Older people have not already funded their own pensions out of National Insurances contributions paid for all their whole working lives. In fact, people who are paying NI simply pump it into the Treasury, which then doles out money to departments. It's basically a tax, from which pensions, benefits and aircraft carriers are paid from. It is not a fund that is invested in order to achieve growth - even though this was the way it was sold to the working class. Workers pay a percentage of their wages for the duration of their working lives into the state pension pot. This goes not into a specific account but into the general budget. At the end of their working lives the workers then get paid out of central government funds (taxes, other contributions etc) until they die. Private pensions are different.
In the the case of occupational and private pensions it goes into a pension account which then uses investment to build itself up, and supposedly maintains the extra via the use of new entrants. This money is controlled by trustees, usually drawn from senior executives and trade union representatives.

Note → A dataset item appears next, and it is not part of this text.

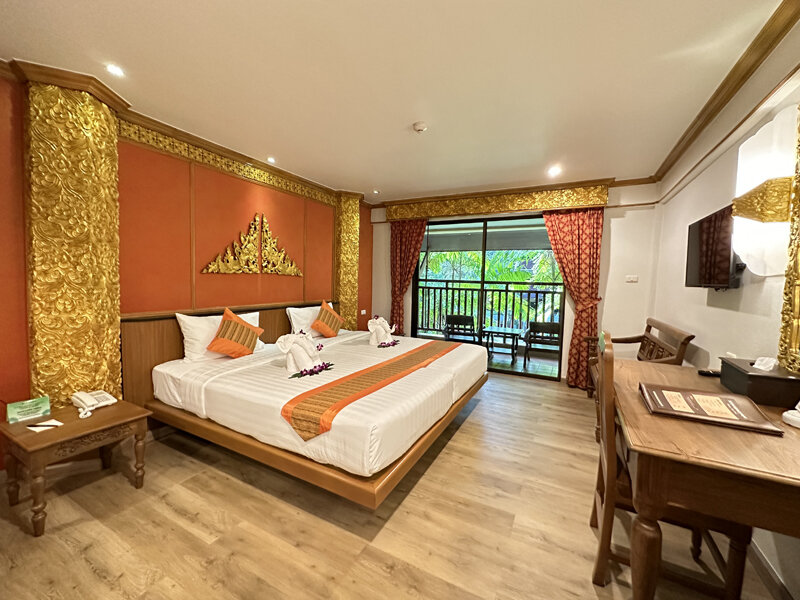 Kata Palm Resort 27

Very little of it is actually invested in production. Whereas once you'd buy a share and expect to see a dividend every year (your share of the company's surplus value extracted from the worker), nowadays investors buy shares with a view to selling them at a profit at a later date. A share is only an investment in production at the point it actually leaves the company's ownership. Everything after is simply speculation and the 'profits' made have nothing to do with capitalist accumulation. (Incidentally, the increasing dependence of capitalism on these fictitious 'profits' rather than normal accumulation is one of the hallmarks of decadence which is being discussed on the other thread.) Of course, because there is actually no real substance to these financial facades, the whole system is very vulnerable to collapse. This crisis has basically appeared because the stock market crash a few years ago wiped out trillions of dollars from these funds which cannot now meet their obligations. Even if the stock market recovers (in some ways it has), the capitalist class can't take the risk of future shocks leaving them with a massive bill to pay. Hence the reason why they're slashing pensions everywhere. Before the crisis companies had been contribution holidays, because the stock market went up so much they didn't pay in as the funds had enough money now with the recession some threaten to go bankrupt if they are asked to make up the pension fund shortfall.
Today, it is all about this part of our wages. Ignore all the red herrings about unfairness to younger generations as life expectancy grows. They are only smoke screens set by bosses and the state in order not to confront the real issue: the one of the wage, of the remuneration exchanged for the use of labour power. Austerity is an attack on all the working class.
The looming gloom of a poverty stricken old age should make us re-examine the capitalist economy and discover an alternative one without internal contradiction and crisis. Capitalism no longer guarantees workers a decent retirement. The majority of the working class now face being worked until they drop dead. The working class, the source of all wealth, can provide itself with the economic security by organising itself socially.